* _Supplied material_
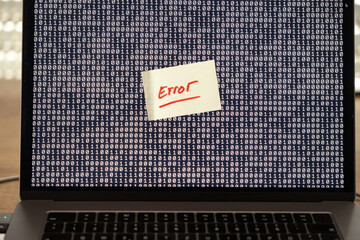 Computer error, note on the screen of a laptop. Warning, defect, malfunction, error,  interruption,...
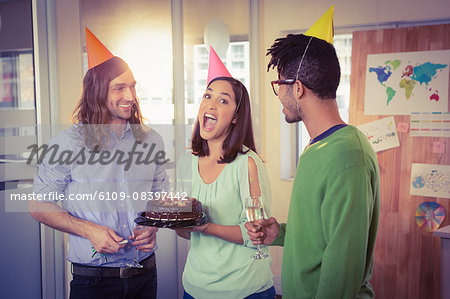 Businesswoman with cake having fun in birthday party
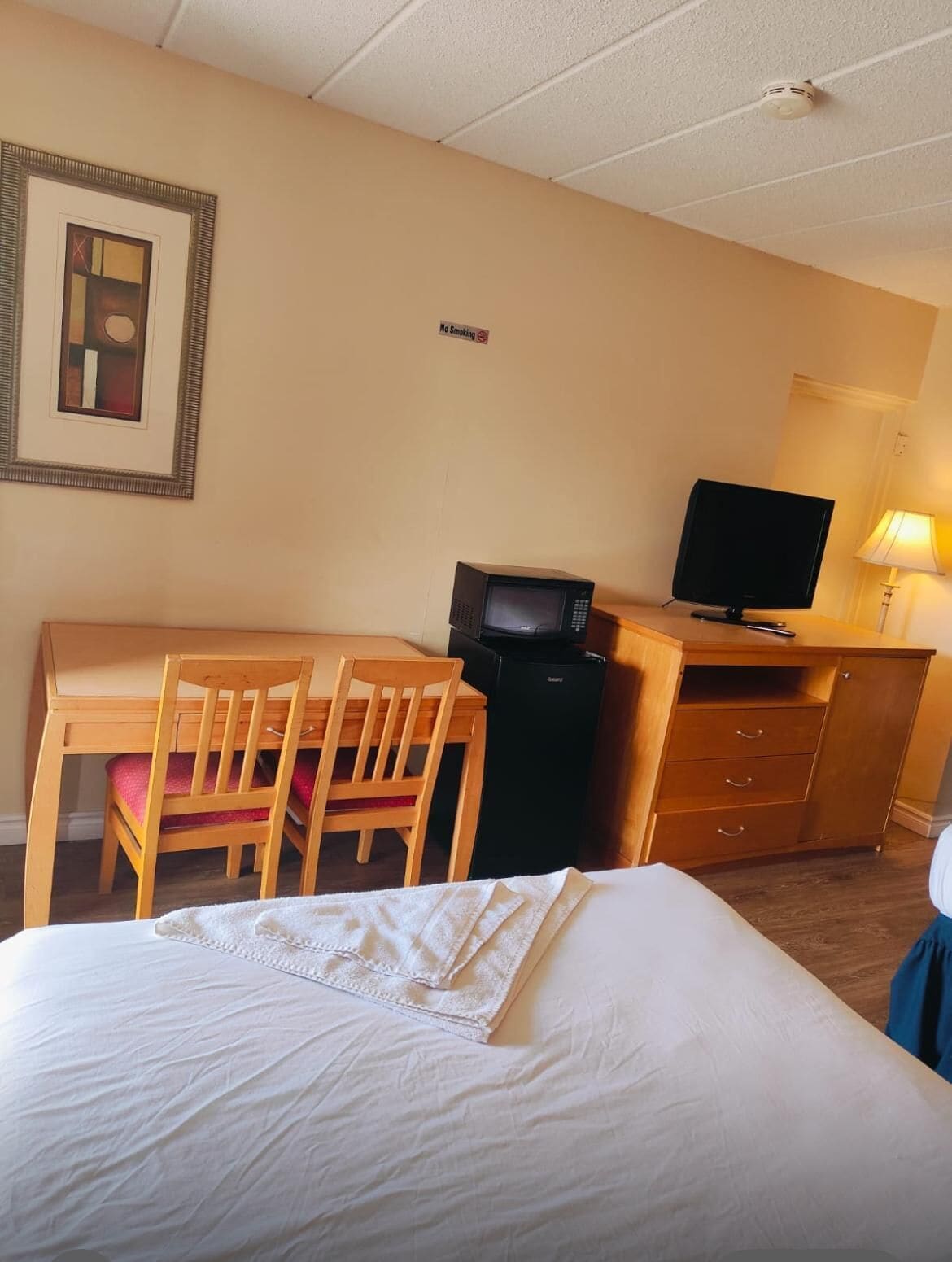 A hotel room with a bed, a desk with a television, a chair, a small refrigerator, and a 'No Smoking' sign on the wall.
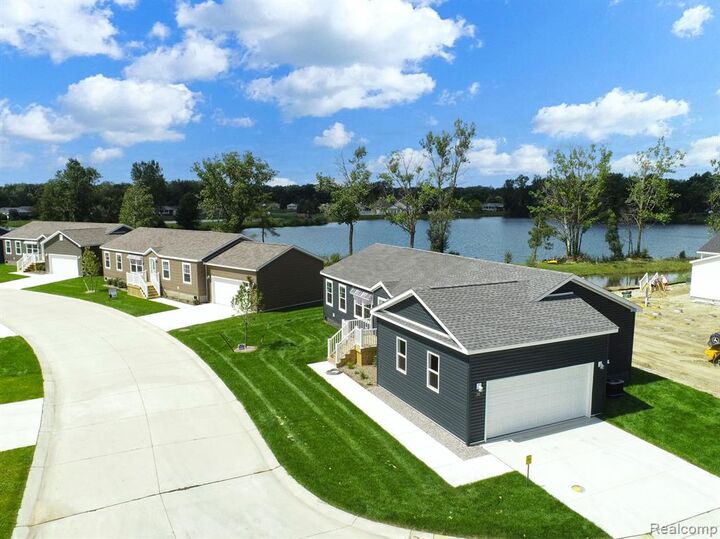 Property Photo:  202 Riviera Drive  MI 48446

* _Prompt_
Copy the listing above verbatim; the pictures it contains are to stay out.

* _Solution to this problem_
 Computer error, note on the screen of a laptop. Warning, defect, malfunction, error,  interruption,...
 Businesswoman with cake having fun in birthday party
 A hotel room with a bed, a desk with a television, a chair, a small refrigerator, and a 'No Smoking' sign on the wall.
 Property Photo:  202 Riviera Drive  MI 48446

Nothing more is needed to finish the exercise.